Write out the entries exactly, leaving out every picture.
* * * * * * * * *
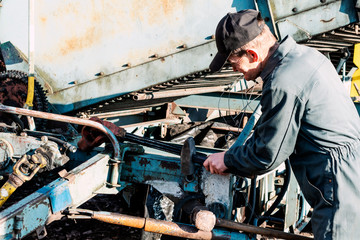 Farmer mechanic repairing agricultural machinery. Male hand holding wrench, repairing combine...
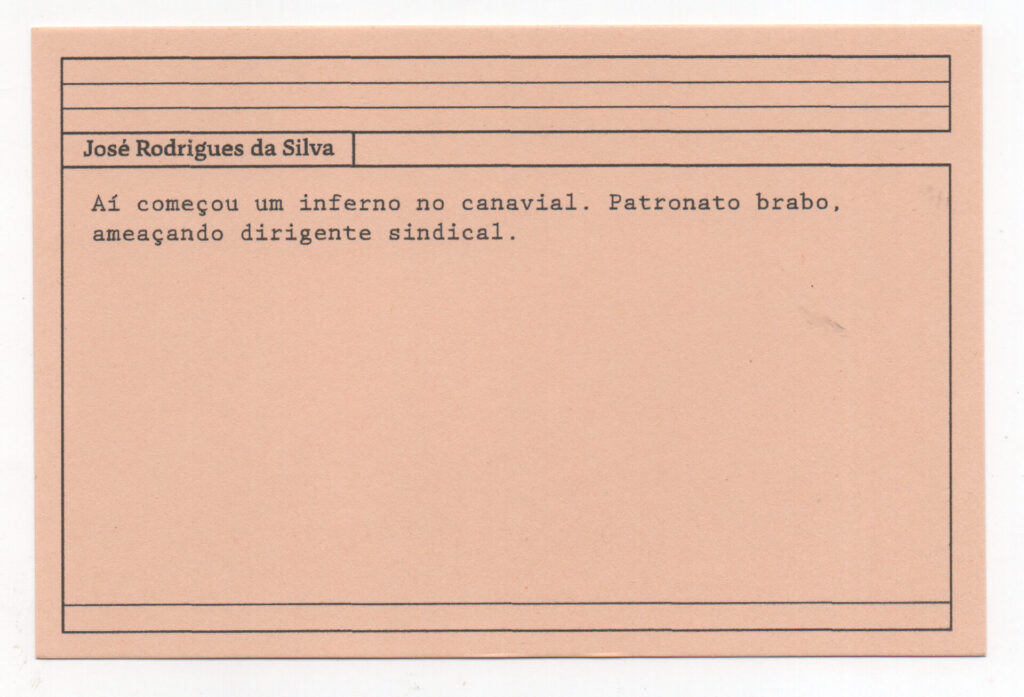 Fotografia de uma ficha horizontal cor de rosa claro com cinco pautas pretas na
parte superior. Abaixo delas, em letras pretas, o depoimento de José Rodrigues da
Silva, em letras pretas: “Aí começou um inferno no canavial. Patronato brabo,
ameaçando dirigente sindical.” No rodapé, duas pautas pretas horizontais.
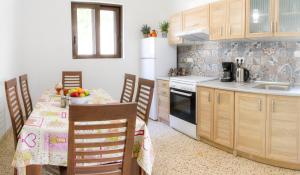 A kitchen or kitchenette at Aramis Boutique House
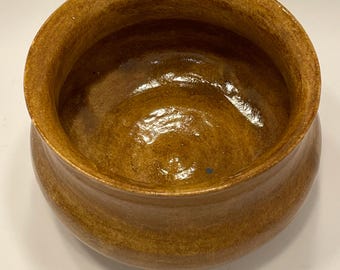 Puede incluir: Un cuenco de cerámica vidriada, hecho a mano, de color marrón cálido y terroso. El cuenco tiene una forma redondeada con un borde ligeramente ensanchado. El interior tiene un acabado brillante, mientras que el exterior tiene un aspecto texturizado. Ideal para servir o exhibir.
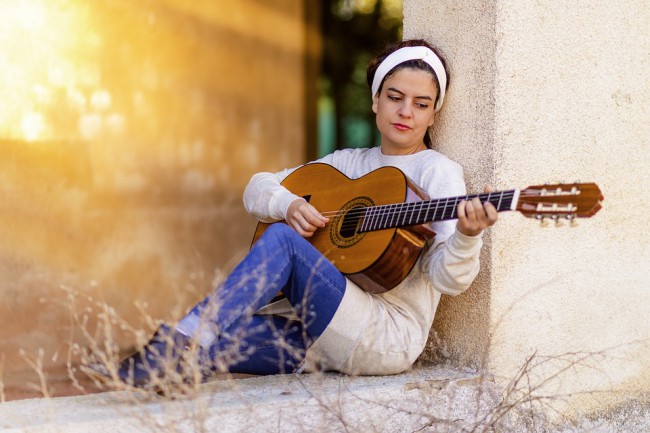 femeie care canta la chitara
* * * * * * * * *
ANSWER TO THE EXERCISE:
 Farmer mechanic repairing agricultural machinery. Male hand holding wrench, repairing combine...
 Fotografia de uma ficha horizontal cor de rosa claro com cinco pautas pretas na
parte superior. Abaixo delas, em letras pretas, o depoimento de José Rodrigues da
Silva, em letras pretas: “Aí começou um inferno no canavial. Patronato brabo,
ameaçando dirigente sindical.” No rodapé, duas pautas pretas horizontais.
 A kitchen or kitchenette at Aramis Boutique House
 Puede incluir: Un cuenco de cerámica vidriada, hecho a mano, de color marrón cálido y terroso. El cuenco tiene una forma redondeada con un borde ligeramente ensanchado. El interior tiene un acabado brillante, mientras que el exterior tiene un aspecto texturizado. Ideal para servir o exhibir.
 femeie care canta la chitara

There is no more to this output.